When useing Emoze over GPRS/3G the amount of traffic used simply for the polling is miniscule and itself doesn't appear to mount up to anything - what does create traffic is the emails themselves (email content size) which in itself can be restricted by emoze to a set number of characters per email (mine set to 300) and to ask before downloading attachments.
Big thank's!!
Great software!
I too use emoze for push (OWA) and it's great.
I did notice though, that I missed a voice call the other day even though the phone was right there on the desk next to me.

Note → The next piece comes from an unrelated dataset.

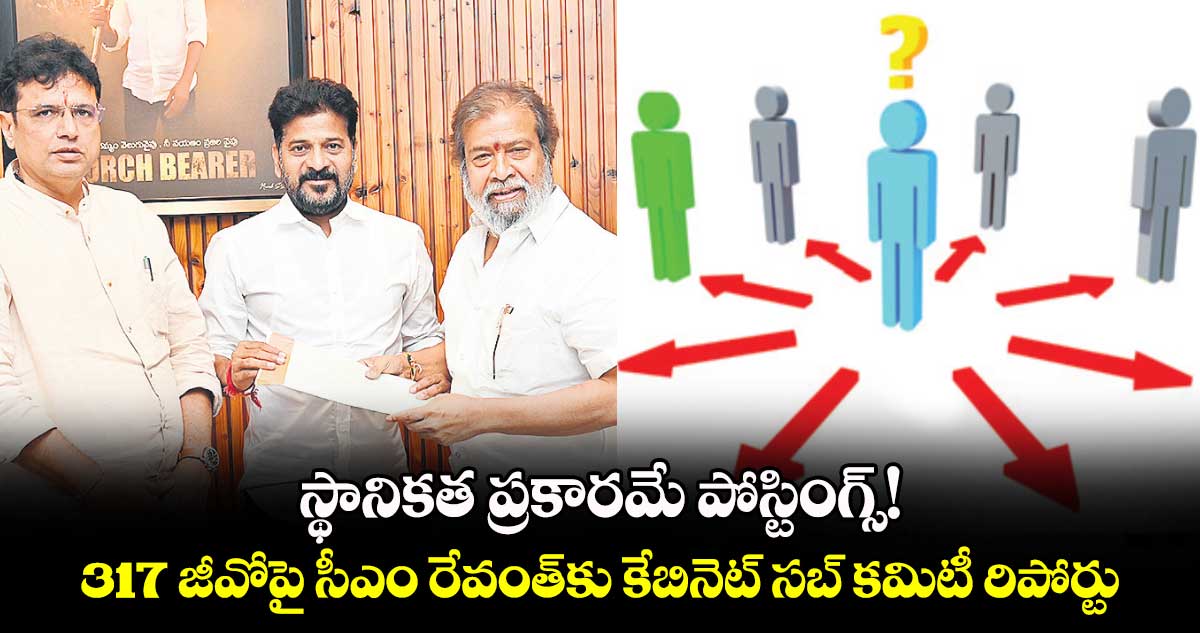 స్థానికత ప్రకారమే పోస్టింగ్స్! 317 జీవోపై సీఎం రేవంత్‌కు కేబినెట్ సబ్ కమిటీ రిపోర్టు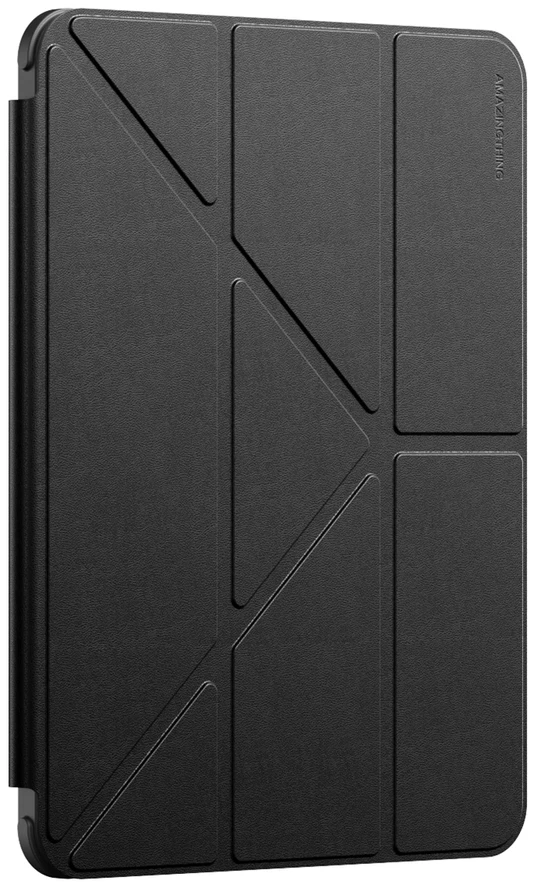 AMAZINGTHING Titan Pro dėklas iPad A16 11" planšetei, 720° pasukamas, su laikikliu rašikliui, juodas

The caller said later that his call went straight through to my voicemail as if I was aleady on a call when he called.
The only thing I can put it down to is that perhaps an email push event was underway when the voice-call tried to connect.
Anybody else experience this?
I was under the impression that the phone itself controls the settings for data vs voice call priority? (as in whether to let a call through if on a data connection or divert it to answerphone) it's somewhere in the settings, maybe double check it's set correctly? failing that I have no idea why it would glitch to not allow a call through or not I don't know, i've accepted calls while i've been actively downloading webpages etc (not just viewing a downloaded page) so it's quite puzzling!
Im using Nokias own Mail for Exchange for e-mail push. Ive been forced to put on a 30 minute poll as it just wipes out the battery on "always on"
Unplugged wrote:Ive been forced to put on a 30 minute poll as it just wipes out the battery on "always on"
Which sort of negates any advantage push email has over something like Profimail, which can poll your mailbox at any preset user defined time interval (30 mins in my case)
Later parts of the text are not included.